Review: Industrial Sunset: The Making of North America’s Rust Belt, 1969-1984

4 Mar

High, Steven. Industrial Sunset: The Making of North America’s Rust Belt, 1969-1984. Toronto; University of Toronto Press, 2003.

There are varying definitions of what constitutes the Rust Belt.  Some descriptions include mainly the Great Lakes region, while others include more of the mid-Atlantic states with cities such as Utica, Trenton, and Baltimore.  Either way, Ohio is firmly a part of the Rust Belt, though Cincinnati and Columbus may or may not make the cut. (Cincinnati is sometimes too South and not automobile-and-steel-manufacturing centric enough, and Columbus is often included with the Sun Belt cities, perhaps because it is the least unsuccessful city in Ohio.)

I like to think of the Rust Belt as cities that grew up around mass production (usually closely tied to the automobile) at the turn of last century.  The life of these factories, without new investment, lasted until approximately the economic downturn of the late 1970s.  Other common attributes include decrepit cities surrounded by aging suburbs, extreme racial segregation, and dramatic population loss over the last 50 years. (Basically, one would recognize the Rust Belt if one saw it.)

Stephen High’s Industrial Sunset is not a history of the Rust Belt. Rather, it is a study of the forces that converged to make the Rust Belt, beginning with the removal of large-scale manufacturing. Industrial Sunset looks at the moment the factory closed down from different angles – those of the workers, the communities, the industries, and the politicians. Interestingly, High also provides a running comparison of how things played out in the United States versus industrial Canada – or the “Golden Horseshoe” of southern Ontario.

The final two chapters focus on how the community and greater society reacted to decline. Up until this point, the comparisons between Canada and the United States did not diverge greatly. In Canada, those opposed to the closing of factories were much more successful at building consensus, to bring differing interests together to develop marginal legislation in regulating how plants shut down and compensation given to former workers.

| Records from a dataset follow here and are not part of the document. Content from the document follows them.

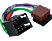 HAMA 00045754 - Adattatore per auto (Multicolore)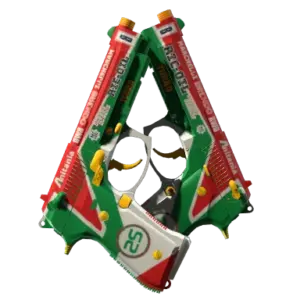 Souvenir Dual Berettas | Twin Turbo (Minimal Wear)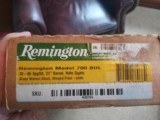 Remington 700 BDL 30-06 NIB - 1 of 12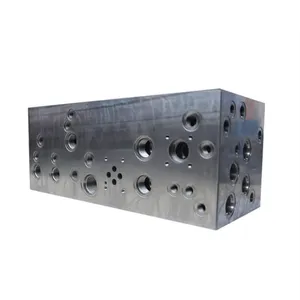 Hydraulic Valve Block thumbnail-1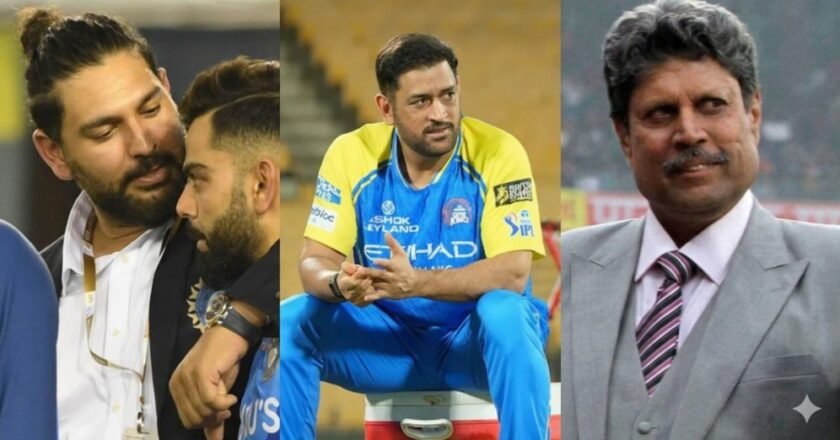Yuvraj Singh Apology to Kapil Dev and MS Dhoni controversy news: आखिर क्यों मांगी माफी – बड़ा खुलासा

In the United States, however, it was trickier to bring regional or national interests together, as cities and states were generally competing with each other for manufacturing jobs. Here the author discusses two events in Ohio – the (falsely) rumored relocation of Dayton’s Frigidaire operations in 1971 and post-closing local activism in Youngstown. The Frigidaire rumors eventually were able to draw enough concerns in the community to extract concessions from the union. High notes that this became a general modus operandi for future labor disputes. The Youngstown story is of local activists attempting to re-open Campbell Steel Works as a community owned industry. Though the city received much attention regarding this plan in national media, there was very little support from the international unions, state and federal government, and even local politicians.

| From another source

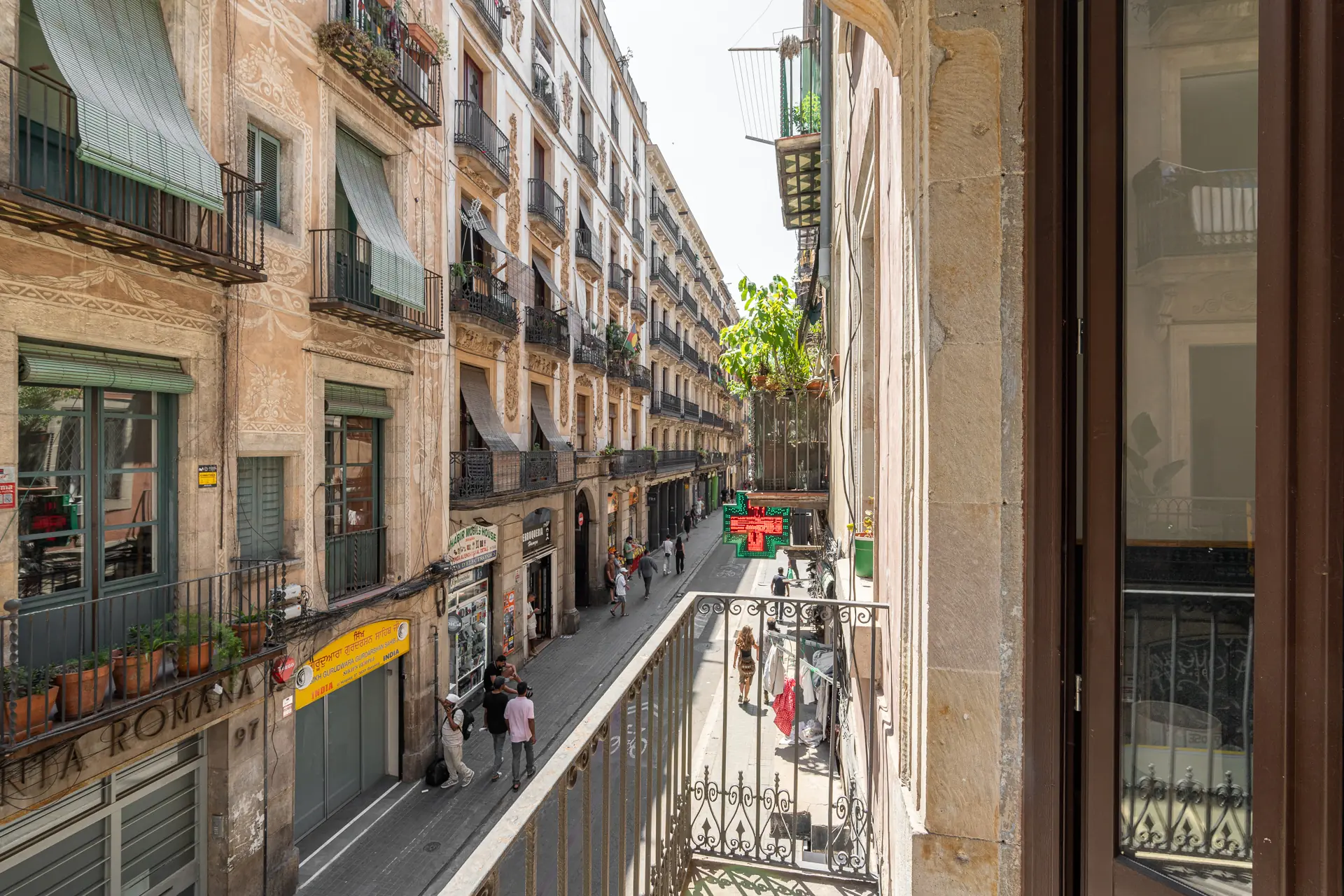 Stanza privata a Barcellona photo 4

The chapter that stands out thematically from the rest is “Back to the Garden,” which focuses on postwar factory design. High looks at articles from the trade journals and advertisements of the 1950s, which emphasized the more efficient, one-story factory that usually was built on newly developed land away from the cities and unions (in the United States). This was the general trend of postwar manufacturing expansion.  What starts out as architectural overview quickly turns into a geographic explanation of how the Rust Belt developed. In terms of the lasting mark on the social image of a region and an era, the turn of the century multi-story factory is the iconic image of the dirty, old Rust Belt city, the main ingredient in ruin porn and the basis of many loft apartment redevelopment plans.

With its narrow academic focus, I wouldn’t consider Industrial Sunset the definitive book on the Rust Belt, but it is a book I would recommend for those interested in understanding the region, and that current hard times are a direct result of the exodus of industrial jobs. I would place Industrial Sunset as a much broader Steeltown, USA, which focused on Youngstown during and after the steel industry decline of the late 1970s and early 1980s.  As with the Youngstown narrative, there is an emphasis on oral histories and media studies of the time that blend cultural history with economics. High’s biggest achievement is having a large net, which captures and synthesizes the experience of a steel worker in Hamilton, Ontario, with the tire manufacturer in Akron. In doing so, he tells the Rust Belt creation story and allows others to tell the aftermath.